Yea I think this is relatively common for not just women, but males as well. I know I sure as hell miss having that intimate connection, both mental and physical, with a beautiful woman.

I've got you beat Under Pressure; been almost 2 years for me now of not having any real intimate contact with a female I was attracted to.........over a year since I've even bothered going on a first date(just too much anxiety for me and I am a wuss with rejection).

But I think we all long to feel the warmth and comfort you get from having an intimate partner that you can just touch, hold, play with their fingers......and all that other romanticism garbage I still hold dear to me for some reason........I try telling myself I'm a little wuss and stuff, haha, especially when I get into this mood/depression on random nights where I am just feel entirely all alone and miss the comfort I've had in past, intimate relationships.

I honestly think it's even worse, for both guys and girls, that have had that "special someone" at one point in their life and then lost that partner some how. Living with a heart that's shattered is annoying.........depressing initially, then over time if you can't overcome it and move on it really just becomes this monkey on your back.......can't escape it, but you can't move on and seek out a new relationship and partner; both because of this aspect and obviously the whole SA part of things.

Bah! Like all of you I hate this subject. I feel so worthless saying that I'm lonely and crave the sensual touch of a womans simple hand........ :rain


----------



## Iced Soul (Jan 28, 2009)

radiohead said:


> Bah! Like all of you I hate this subject. I feel so worthless saying that I'm lonely and crave the sensual touch of a womans simple hand........ :rain


I happen to think that is completely sweet. Sad, but sweet.
Hopefully, you'll find someone soon.


----------



## VCL XI (Jan 19, 2004)

I hate being touched by anybody, but I wouldn't mind molesting others.

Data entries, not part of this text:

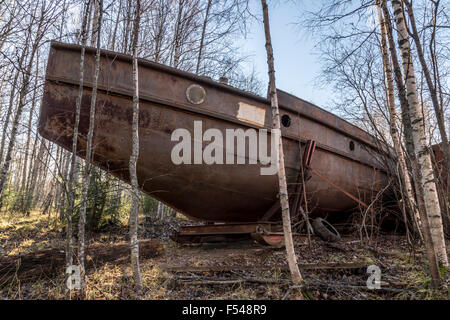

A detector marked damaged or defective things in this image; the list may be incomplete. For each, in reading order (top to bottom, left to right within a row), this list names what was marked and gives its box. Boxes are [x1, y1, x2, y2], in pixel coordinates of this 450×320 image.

corroded metal surface [37, 41, 390, 222]
abandoned rusty boat [38, 41, 392, 244] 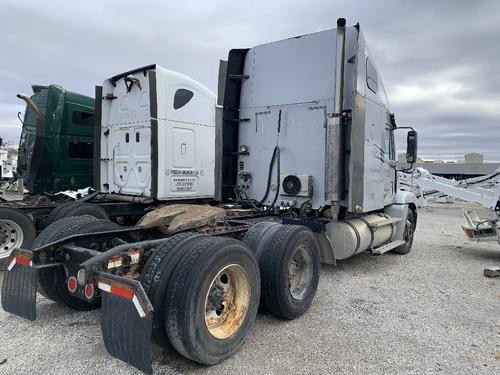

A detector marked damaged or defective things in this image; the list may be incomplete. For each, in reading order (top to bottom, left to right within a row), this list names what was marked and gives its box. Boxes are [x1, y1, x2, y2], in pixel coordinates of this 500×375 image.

rusty wheel rim [203, 264, 250, 340]
rusty wheel rim [290, 245, 312, 302] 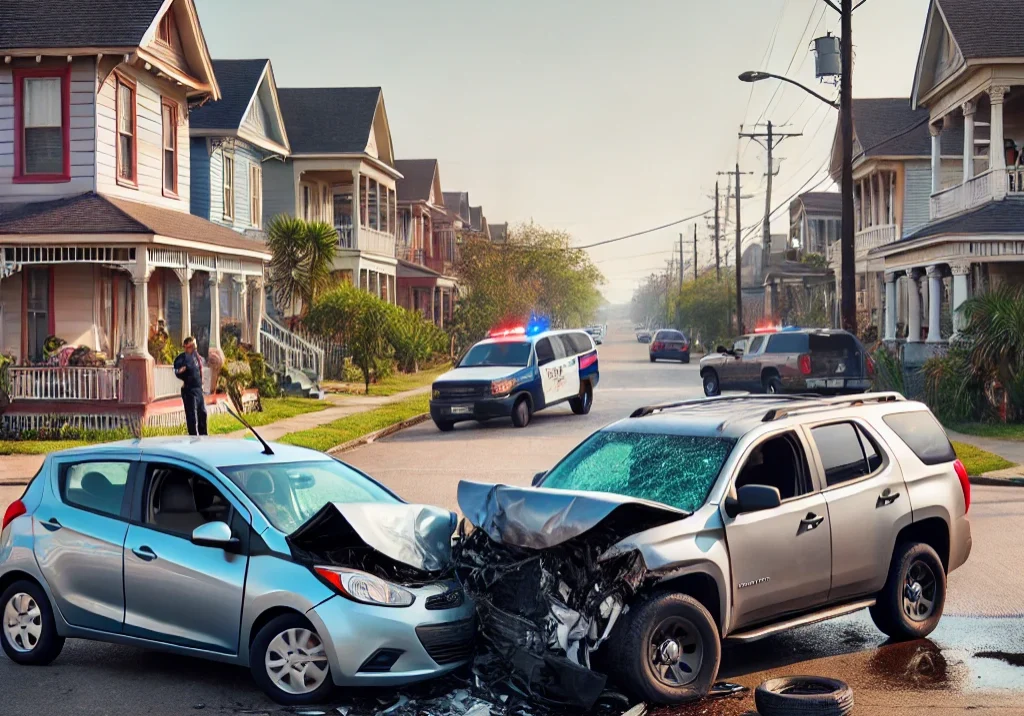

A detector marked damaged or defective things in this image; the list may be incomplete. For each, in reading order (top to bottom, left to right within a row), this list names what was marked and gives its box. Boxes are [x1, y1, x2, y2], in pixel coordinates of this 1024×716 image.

shattered windshield [460, 340, 532, 366]
shattered windshield [222, 462, 397, 536]
shattered windshield [536, 432, 737, 516]
damaged front end of hatchback [454, 479, 688, 708]
detached tire on road [606, 594, 720, 704]
detached tire on road [757, 676, 851, 716]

Also, good potential band name.


----------



## Freiheit (Dec 8, 2008)

I like being touched by certain people. Haven't had none of that in a long while.:rain


----------



## wintermind (Aug 26, 2008)

I'm being touched mostly either by accident or out of courtesy, sadly it's never been pleasant.


----------



## Biscuit (Mar 20, 2009)

I understand the whole wanting touch but fearing it thing. My friend (I've known her for like 6 years) used to always try to hug me (she hugs people a lot) out of excitement, etc. and I'd be like a rock...enduring it but not reacting in any way. And same with when i had to hug people (like my extended family). I always hated it. I only hug when I'm drunk. The problem for me personally is that I somehow equate it with sex/sexuality. Maybe becasue I have big boobs, and they touch people? I don't know. But I do wish i hugged people more. That's actually one of the things I'm really looking forward to about having a boyfriend eventually (yeah...not yet.) Since hug=sexuality connetation, with someone that's supposed to be linked to, I think i'll be okay. 

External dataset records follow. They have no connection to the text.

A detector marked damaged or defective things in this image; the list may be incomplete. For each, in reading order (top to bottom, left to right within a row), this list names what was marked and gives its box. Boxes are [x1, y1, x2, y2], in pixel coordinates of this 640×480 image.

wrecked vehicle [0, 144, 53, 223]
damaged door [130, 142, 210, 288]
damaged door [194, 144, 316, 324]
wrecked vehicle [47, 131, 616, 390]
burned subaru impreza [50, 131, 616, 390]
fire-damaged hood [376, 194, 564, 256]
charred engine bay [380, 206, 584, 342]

I also super avoid touching people. I probably look OCD. I'll jerk spastically away form people if they even come close (esp. male teachers).

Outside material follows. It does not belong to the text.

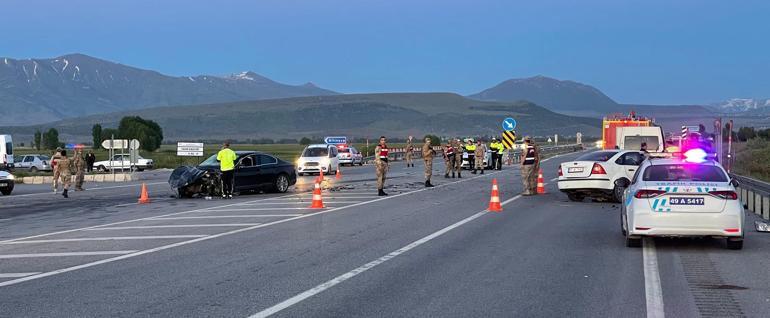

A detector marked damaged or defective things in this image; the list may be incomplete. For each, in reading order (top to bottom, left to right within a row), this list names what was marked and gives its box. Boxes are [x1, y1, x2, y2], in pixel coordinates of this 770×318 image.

Long story short I wish I could hug people! I find myself rubbing/caressing my face or my arms a lot (probably look like I'm horny or something, when combined with my usual thousand-mile stare) probably to emulate the feeling of physical contact .


----------



## Halcyon Daze (Dec 22, 2008)

Don't like physical contact. My grandparents always laugh at me when I offer them a handshake instead of a hug. Other people always have to initiate a hug w/ me. I think it's the rejection I fear on some level. I always feel too gross to hug anyone or something. maybe I am deprived, but I've had either a dog or a cat around to cuddle for most my life so that's been a good enough substitution i guess.


----------



## mountain5 (May 22, 2008)

I don't have much to say on this topic, but occasionally guys at work will put a hand on my shoulder or elbow me during a conversation to make a point. I know it probably doesn't mean anything, but I can't help feeling like it's a show of dominance, to make me feel "one-down" or something.


----------



## scriabin221 (Nov 16, 2008)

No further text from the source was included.